It is not about how much we do, but with how much love we do it. It is not about how much we give, but with how much love we give.
Mother Teresa
Wangari Maathai (1940 – 2011)
Kenyan activist and biologist founded the non-governmental environmental organization Green Belt Movement in 1977. In order to prevent soil erosion and desertification, volunteers from this organization planted over thirty million trees in Kenya alone, and Wangari earned the nickname “The Woman Who Planted Trees” according to Jean Giono’s novel. Afforestation was important not only from a nature conservation perspective, but also as a way to empower women and as a form of resistance against a corrupt government regime.

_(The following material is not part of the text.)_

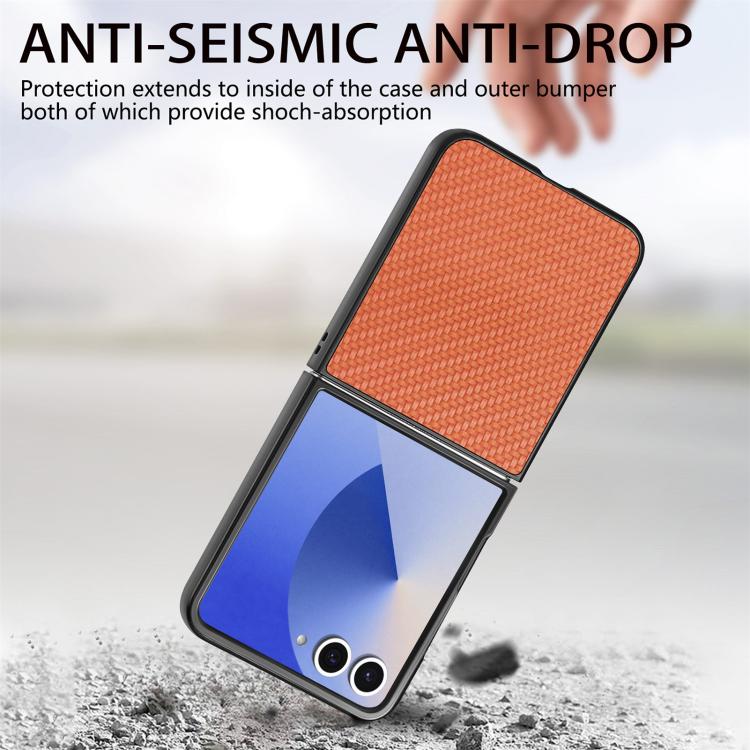 Funda trasera de cuero con textura de fibra de carbono para Samsung Galaxy Z Flip 7 5G (marrón)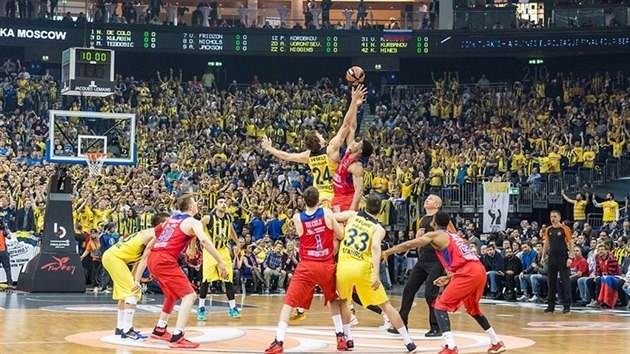 Jan Vesel (lut 24) z Fenerbahce Istanbul na vodnm rozskoku v zpase s CSKA Moskva.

In order to involve other African countries in the project, Maathai launched the African Green Belt Movement Network in 1986. As a result, 45 volunteer representatives from 15 countries launched similar tree planting and local employment programs. In the last years of her life, Maathai (who passed away in September 20 In 2011, at the age of 71, Wangari Maathai worked on preserving the Congo rainforest, the second-largest area covered with tropical forests after the Amazon. She inspired the UN’s global reforestation and tree-planting campaign called “Plant a Billion Trees” on Earth Day, April 22nd. This campaign has been ongoing since 2006 and Croatia has been involved through its non-governmental organizations.